While some of these cuts are already partially reflected in analyst estimates, there are likely to be some downward revisions to GDP by Wall Street economists. We are watchful of these cuts, but remain optimistic that: growth prospects for corporate earnings could be stronger than consensus expects, government cuts will not translate into a significant headwind, and valuation of equities should capture investor interest.
Our base-case scenario is that sequestration comes into effect for at least several months and that headlines remain a primary worry for the remainder of the year.
It is highly unlikely that Congress finds a resolution ahead of the March 1st deadline, raising the question of when the real deadline for resolution will be – and there is no definitive answer.

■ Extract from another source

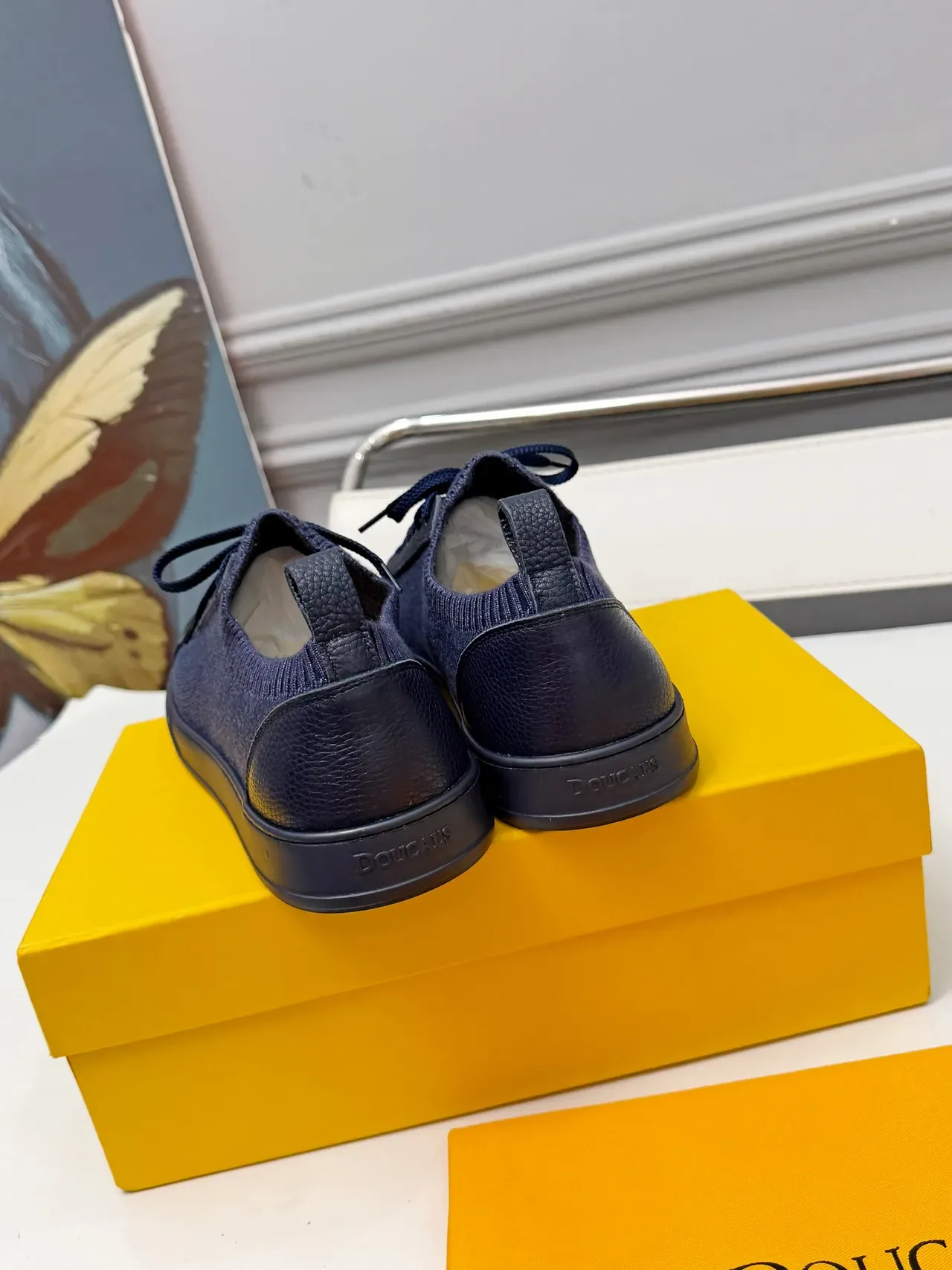 Navy Yellow Knit Upper Textured Leather Panels Sneakers 3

The realm of possibilities ranges from a grand plan (unlikely) to an annual resolution of the required cuts. Republicans are focused on entitlement reform, while Democrats are looking for a measure of increased revenues (tax increases) and marginal entitlement cuts. Budget proposals are expected early next month and will incrementally add to the debate but, in our opinion, any really impactful decision making appears unlikely.
For investors, corporate earnings should be of greater concern. While GDP will be hit by these government spending changes, we see the multiplier effects as being more limited than the tax increases agreed to at the end of 2012 – meaning any effects from sequestration should be more manageable for corporate earnings.

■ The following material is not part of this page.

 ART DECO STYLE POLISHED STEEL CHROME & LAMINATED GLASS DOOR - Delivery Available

We are hopeful that an improving economy outside of government spending, higher corporate confidence, and a return to more normal international growth trends (aided by China) will lead to EPS growth of at least 5-7%. As the political debate continues over the next few months, bears are expecting a market pullback similar to what we experienced in 2010 and 2011. We are more hopeful that this becomes a consolidation rather than a dramatic pullback and we would be buyers of the dip.

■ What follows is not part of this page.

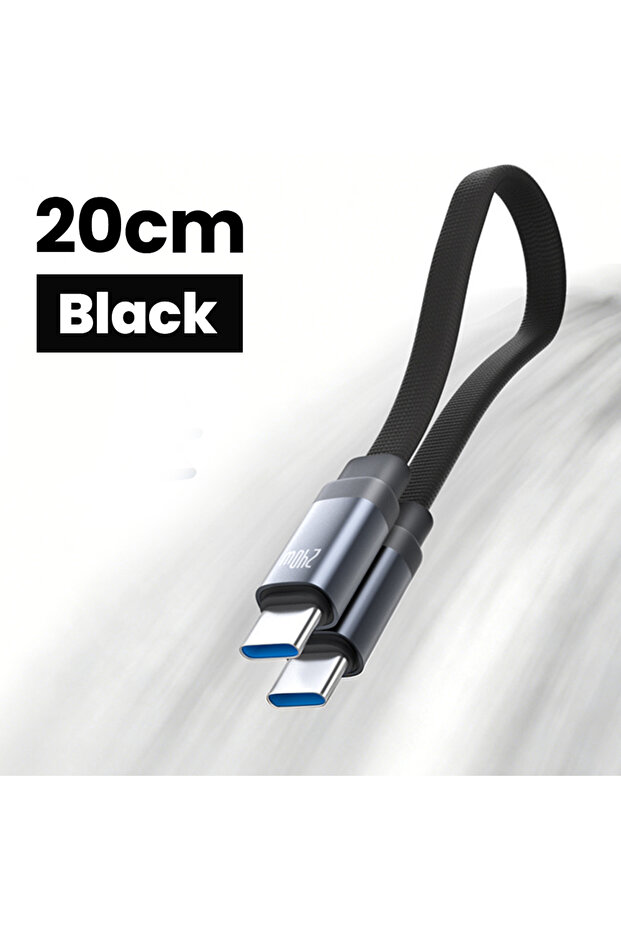 كابل USB-C مغناطيسي أسود قصير 20 سم، كابل بيانات مجدول صغير للشحن السريع 240 واط لهاتف آيفون 15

Equity valuations remain compelling in the US. Bond markets are starting to show some slowdown after the hard run over the last few years. The S&P 500 is now up around 7% with mid-caps up closer to 9% since the beginning of the year.
Bonds have shown more modest gains – high yield up 1.6%, investment grade corporates up approximately 0.5% and treasuries down marginally. Our argument for equities has been the extreme valuations that exist in the bond markets compared to the equity market. While this equity discount has existed for the past several years, a moderate growth scenario for earnings and low valuations should pull investors into equities.
• We expect that GDP will be negatively impacted by approximately 0.5% from sequestration over the next few months.
• This will add to the ‘wall of worry’ for investors to climb in this economic recovery.
• We see Fed policy as increasingly dovish – the dual mandate providing a cushion.
• We see corporate earnings growth of at least 5% for large caps. Coupled with modest multiple expansion, there should be upside over the next 12 months.
• We have avoided defense exposure in our portfolios and are conscious of the pressure in healthcare, choosing stories from this group which we think already largely reflect the downside.